## Stored records
○ ○ ○ ○

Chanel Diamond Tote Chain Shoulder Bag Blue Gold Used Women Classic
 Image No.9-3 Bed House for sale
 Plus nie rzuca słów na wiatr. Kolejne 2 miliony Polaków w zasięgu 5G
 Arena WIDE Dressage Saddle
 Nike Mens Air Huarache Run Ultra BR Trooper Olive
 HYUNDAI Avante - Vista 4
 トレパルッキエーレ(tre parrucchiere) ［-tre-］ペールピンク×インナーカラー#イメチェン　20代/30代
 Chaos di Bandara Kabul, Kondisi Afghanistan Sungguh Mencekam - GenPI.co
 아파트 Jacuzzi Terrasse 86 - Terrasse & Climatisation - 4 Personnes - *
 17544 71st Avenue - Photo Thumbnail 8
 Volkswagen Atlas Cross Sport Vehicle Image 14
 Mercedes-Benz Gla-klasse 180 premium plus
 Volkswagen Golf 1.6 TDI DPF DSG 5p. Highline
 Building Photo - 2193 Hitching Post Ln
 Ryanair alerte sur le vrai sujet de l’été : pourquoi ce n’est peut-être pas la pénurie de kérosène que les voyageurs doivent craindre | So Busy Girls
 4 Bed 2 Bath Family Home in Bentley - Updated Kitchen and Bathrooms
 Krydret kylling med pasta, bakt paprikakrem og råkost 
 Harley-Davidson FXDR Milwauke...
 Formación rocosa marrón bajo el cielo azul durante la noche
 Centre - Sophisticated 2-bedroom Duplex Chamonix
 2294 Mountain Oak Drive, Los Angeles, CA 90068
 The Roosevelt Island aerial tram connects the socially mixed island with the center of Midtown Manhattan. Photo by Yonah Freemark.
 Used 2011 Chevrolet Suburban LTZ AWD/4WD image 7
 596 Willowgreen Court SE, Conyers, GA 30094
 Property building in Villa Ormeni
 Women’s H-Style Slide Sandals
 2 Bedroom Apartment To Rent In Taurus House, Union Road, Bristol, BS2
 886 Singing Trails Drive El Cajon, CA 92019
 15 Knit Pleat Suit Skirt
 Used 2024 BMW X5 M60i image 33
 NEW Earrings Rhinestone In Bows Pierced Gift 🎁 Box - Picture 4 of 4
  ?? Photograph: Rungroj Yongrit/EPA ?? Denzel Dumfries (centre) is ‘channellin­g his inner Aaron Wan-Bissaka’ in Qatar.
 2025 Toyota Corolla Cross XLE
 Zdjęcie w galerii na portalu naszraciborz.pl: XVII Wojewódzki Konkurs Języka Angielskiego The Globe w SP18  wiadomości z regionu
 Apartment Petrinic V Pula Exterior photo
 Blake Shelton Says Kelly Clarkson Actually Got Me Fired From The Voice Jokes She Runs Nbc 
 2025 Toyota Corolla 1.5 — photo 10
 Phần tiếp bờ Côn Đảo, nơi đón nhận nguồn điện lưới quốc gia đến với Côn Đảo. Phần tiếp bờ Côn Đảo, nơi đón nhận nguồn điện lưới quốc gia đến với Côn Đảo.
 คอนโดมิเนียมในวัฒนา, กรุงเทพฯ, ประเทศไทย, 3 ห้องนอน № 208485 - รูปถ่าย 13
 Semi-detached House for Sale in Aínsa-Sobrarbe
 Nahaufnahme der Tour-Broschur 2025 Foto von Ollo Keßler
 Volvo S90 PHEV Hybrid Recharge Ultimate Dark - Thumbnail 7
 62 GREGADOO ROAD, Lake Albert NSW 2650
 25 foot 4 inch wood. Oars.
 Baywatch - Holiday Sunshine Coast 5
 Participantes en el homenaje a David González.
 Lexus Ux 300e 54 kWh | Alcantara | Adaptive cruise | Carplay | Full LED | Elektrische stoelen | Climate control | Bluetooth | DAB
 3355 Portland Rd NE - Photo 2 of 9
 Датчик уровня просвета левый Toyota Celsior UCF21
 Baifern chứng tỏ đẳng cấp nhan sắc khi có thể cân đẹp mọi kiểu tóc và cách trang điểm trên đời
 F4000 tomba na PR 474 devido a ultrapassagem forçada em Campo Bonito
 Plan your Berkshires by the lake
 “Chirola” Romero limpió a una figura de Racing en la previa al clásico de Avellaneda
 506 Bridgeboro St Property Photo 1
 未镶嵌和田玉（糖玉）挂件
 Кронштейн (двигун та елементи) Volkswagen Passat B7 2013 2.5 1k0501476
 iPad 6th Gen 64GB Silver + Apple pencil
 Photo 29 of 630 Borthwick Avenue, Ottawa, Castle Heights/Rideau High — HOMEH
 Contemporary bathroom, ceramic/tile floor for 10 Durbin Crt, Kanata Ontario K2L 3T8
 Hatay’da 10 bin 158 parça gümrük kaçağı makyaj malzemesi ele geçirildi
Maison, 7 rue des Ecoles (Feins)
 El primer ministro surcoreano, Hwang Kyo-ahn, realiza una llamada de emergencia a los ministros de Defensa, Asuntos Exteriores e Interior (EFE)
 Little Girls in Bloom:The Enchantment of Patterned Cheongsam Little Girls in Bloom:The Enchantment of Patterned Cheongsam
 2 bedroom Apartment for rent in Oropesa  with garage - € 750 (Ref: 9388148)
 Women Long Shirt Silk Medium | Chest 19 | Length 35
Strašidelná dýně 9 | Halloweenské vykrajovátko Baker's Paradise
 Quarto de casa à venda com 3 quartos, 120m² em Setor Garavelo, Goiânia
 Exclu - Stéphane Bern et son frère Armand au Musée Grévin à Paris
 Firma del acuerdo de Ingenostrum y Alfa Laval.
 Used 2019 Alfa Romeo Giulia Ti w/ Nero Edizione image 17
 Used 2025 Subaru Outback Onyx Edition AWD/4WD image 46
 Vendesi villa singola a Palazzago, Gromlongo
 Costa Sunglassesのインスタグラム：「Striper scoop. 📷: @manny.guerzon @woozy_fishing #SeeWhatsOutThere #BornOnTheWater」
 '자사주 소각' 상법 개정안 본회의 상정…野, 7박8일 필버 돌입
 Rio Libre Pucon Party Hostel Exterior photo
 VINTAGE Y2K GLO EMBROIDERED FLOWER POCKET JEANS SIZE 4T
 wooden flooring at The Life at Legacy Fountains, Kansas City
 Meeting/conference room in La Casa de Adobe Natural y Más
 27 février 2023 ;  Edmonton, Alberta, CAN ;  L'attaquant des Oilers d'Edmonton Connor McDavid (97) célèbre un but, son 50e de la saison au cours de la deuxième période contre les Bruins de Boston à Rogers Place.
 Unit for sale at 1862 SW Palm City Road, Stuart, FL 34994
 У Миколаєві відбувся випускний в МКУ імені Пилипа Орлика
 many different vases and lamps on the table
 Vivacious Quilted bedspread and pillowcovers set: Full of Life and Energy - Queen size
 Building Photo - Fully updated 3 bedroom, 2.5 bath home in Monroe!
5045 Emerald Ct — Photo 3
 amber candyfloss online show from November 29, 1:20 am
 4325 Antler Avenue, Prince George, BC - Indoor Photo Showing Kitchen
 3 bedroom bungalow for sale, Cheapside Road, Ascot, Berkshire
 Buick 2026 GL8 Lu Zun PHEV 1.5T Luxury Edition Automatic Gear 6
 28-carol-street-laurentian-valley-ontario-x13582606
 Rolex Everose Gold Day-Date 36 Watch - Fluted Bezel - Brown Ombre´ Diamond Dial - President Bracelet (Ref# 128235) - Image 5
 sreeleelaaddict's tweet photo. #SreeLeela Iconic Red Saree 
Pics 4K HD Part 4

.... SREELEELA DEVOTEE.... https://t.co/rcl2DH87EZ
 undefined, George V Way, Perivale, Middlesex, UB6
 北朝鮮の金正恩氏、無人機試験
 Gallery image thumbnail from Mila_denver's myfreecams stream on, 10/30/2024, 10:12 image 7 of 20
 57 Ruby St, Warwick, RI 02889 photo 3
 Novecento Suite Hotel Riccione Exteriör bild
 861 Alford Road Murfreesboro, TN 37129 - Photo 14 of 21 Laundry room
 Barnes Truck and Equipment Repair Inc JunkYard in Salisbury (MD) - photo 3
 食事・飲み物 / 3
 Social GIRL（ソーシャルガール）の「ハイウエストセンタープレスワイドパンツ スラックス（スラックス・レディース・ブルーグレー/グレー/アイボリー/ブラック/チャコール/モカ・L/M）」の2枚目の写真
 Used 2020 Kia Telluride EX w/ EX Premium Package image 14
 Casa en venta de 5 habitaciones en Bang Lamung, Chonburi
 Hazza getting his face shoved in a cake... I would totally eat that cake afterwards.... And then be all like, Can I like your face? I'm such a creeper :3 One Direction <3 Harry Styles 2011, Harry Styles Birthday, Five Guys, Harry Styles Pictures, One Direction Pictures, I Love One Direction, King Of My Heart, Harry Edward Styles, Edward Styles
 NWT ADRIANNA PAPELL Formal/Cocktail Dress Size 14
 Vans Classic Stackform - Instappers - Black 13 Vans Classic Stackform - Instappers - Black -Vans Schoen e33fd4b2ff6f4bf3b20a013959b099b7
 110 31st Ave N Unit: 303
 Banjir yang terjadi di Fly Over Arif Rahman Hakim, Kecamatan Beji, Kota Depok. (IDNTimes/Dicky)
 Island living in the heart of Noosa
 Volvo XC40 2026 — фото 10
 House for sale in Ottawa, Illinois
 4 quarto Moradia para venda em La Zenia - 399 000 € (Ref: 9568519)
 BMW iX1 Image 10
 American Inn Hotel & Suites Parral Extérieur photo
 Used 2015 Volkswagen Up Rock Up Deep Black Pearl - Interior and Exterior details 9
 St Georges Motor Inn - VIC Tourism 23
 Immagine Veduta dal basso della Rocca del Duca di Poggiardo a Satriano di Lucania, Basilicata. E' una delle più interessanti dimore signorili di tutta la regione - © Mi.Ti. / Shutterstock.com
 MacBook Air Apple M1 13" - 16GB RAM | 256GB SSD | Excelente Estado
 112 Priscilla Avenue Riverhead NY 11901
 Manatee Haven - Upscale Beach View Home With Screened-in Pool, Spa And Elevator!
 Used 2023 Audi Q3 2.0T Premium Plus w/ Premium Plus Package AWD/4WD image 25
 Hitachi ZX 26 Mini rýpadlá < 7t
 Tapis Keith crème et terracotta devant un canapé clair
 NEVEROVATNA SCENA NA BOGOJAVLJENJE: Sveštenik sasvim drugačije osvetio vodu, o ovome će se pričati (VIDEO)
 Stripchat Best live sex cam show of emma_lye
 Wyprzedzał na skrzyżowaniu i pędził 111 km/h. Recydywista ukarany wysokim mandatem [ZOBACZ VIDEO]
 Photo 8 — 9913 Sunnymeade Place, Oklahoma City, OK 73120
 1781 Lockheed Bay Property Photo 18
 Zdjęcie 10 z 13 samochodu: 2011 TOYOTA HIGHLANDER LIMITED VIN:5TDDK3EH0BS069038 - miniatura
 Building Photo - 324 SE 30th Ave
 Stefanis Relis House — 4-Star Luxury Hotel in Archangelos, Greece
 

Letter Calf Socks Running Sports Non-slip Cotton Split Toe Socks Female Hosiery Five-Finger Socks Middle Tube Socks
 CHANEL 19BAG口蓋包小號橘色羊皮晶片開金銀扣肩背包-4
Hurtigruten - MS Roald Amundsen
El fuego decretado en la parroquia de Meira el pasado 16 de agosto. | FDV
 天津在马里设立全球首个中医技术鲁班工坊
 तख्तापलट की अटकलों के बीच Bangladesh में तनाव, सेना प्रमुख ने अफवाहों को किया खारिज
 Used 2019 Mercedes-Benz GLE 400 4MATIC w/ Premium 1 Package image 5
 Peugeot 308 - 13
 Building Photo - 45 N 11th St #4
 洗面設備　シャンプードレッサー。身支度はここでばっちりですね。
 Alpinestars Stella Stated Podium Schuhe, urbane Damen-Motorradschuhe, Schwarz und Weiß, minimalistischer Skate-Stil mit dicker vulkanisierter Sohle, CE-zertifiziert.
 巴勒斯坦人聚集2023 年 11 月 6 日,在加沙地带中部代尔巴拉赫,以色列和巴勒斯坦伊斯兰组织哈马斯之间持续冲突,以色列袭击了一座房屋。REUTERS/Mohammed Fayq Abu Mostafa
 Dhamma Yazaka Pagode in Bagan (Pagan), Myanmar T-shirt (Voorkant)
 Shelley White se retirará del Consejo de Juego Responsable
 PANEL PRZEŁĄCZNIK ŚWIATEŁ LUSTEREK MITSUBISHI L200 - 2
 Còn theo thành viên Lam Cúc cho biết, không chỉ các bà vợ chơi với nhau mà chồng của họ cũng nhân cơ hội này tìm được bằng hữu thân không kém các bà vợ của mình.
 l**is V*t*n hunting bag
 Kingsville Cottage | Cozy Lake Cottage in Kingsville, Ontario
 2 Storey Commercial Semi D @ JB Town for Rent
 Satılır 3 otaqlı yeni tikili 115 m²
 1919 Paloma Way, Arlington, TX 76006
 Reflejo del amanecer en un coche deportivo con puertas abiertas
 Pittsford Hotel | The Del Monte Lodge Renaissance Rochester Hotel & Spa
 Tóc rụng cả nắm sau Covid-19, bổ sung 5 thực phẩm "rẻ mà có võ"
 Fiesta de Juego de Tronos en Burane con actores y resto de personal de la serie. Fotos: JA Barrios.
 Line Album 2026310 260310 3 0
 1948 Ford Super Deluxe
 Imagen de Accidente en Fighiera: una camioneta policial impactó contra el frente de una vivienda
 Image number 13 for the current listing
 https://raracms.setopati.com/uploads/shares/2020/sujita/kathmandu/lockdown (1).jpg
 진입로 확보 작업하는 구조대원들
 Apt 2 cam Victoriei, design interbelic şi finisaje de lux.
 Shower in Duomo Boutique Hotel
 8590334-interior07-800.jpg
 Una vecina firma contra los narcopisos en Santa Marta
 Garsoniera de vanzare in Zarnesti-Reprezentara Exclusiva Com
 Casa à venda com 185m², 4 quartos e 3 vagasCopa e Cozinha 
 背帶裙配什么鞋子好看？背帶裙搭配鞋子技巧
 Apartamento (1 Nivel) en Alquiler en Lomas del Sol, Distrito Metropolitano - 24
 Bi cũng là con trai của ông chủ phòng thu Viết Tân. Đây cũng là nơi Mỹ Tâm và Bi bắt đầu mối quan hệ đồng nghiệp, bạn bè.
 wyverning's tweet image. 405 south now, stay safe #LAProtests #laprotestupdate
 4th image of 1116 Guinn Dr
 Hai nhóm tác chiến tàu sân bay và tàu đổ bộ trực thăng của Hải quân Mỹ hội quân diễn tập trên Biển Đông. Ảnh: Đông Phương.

○ ○ ○ ○

## TASK TO CARRY OUT
Look through the data above. Each line containing the word "City" needs to be copied.

## REPLY TO THE TASK
 wooden flooring at The Life at Legacy Fountains, Kansas City
 Unit for sale at 1862 SW Palm City Road, Stuart, FL 34994
 Photo 8 — 9913 Sunnymeade Place, Oklahoma City, OK 73120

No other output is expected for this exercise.